Now that he’s got the sneaker market thoroughly cornered, Kanye West is apparently moving on to his next project: affordable housing.
A recent profile of the rapper-turned-designer revealed that West is working on designing prefabricated, low-income housing with a Star War’s aesthetic, shopping the idea to investors as a potential housing solution for the homeless.
In the profile, Forbes writer Zack O'Malley Greenburg describes a late-night Lamborghini ride with West to “a bungalow in the woods” where four of West’s team were working late on a proposal for the housing project to show San Francisco investors the next morning.
Greenburg said West showed him the prototypes, which he described as “a trio of structures that look like the skeletons of wooden spaceships,” noting that the large-scale representations were each oblong and dozens of feet tall.
“He tells me they could be used as living spaces for the homeless, perhaps sunk into the ground with light filtering in through the top,” Greenberg writes. We stand there in silence for several minutes considering the structures before walking back down to his lurking Lamborghini and zooming off into the night.”
The article fails to provide any other details about the project.
But, this isn’t the first time we’ve heard about West’s interest in designing prefab affordable housing.
Last year, West launched an architecture Studio called Yeezy Home, and his co-collaborator shared renderings of a low-income housing scheme the team was apparently working on. The style reflects the same austere, white-washed minimalism that West seems to prefer.

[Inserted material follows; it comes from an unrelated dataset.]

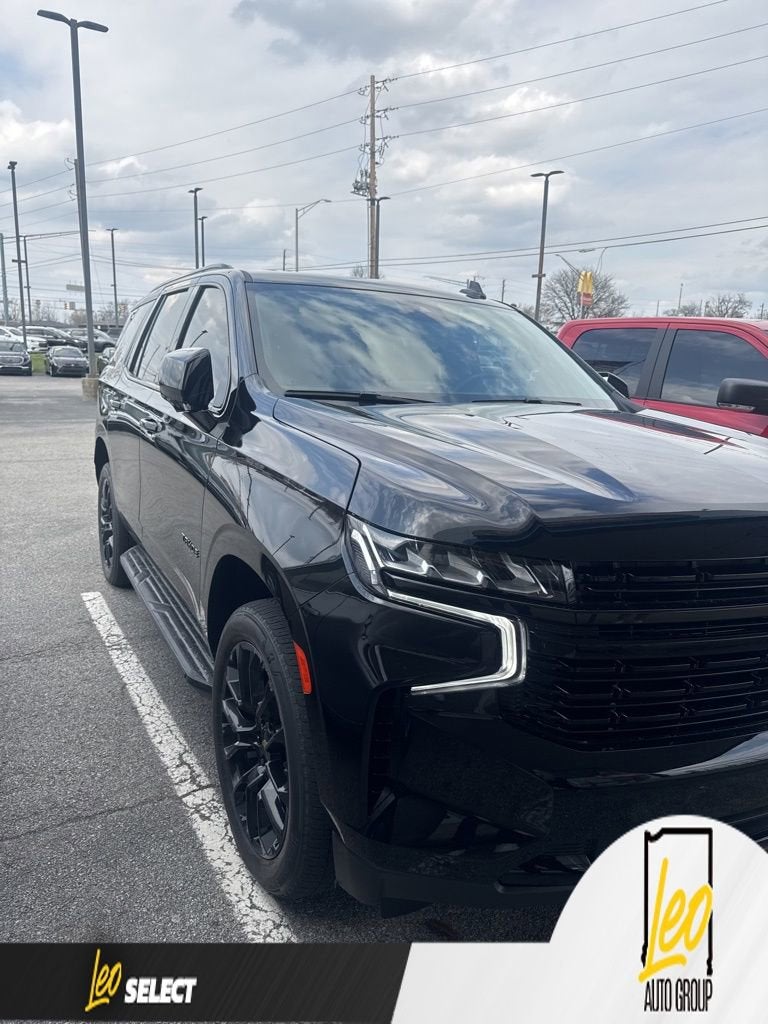 2023 Chevrolet Tahoe RST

In the Forbes profile, Greenberg comments on West’s home with wife Kim Kardashian, taking note of the “unadorned alabaster walls” and describing nearly every surface as being “a monastic shade of white.”
While it remains to be seen how West’s extreme aesthetic can be translated into effective housing for low-income Americans, it is perhaps a worthy project for someone with the millions of dollars and influence necessary to make real headway toward solving the country’s affordable housing crisis.
As Slate magazine aptly put it:
“While West’s investment in low-income housing is admirable, his well-documented dedication to spectacle over substance raises some serious questions. Is Kanye West really interested in helping the homeless or is the project, like the Death Star, another monument to vanity? Could this be his way of telling Disney that he’s still angling for a cameo in one of the upcoming movies? Wealth is an enormously powerful force, and West has the chance to use it – hopefully for good.”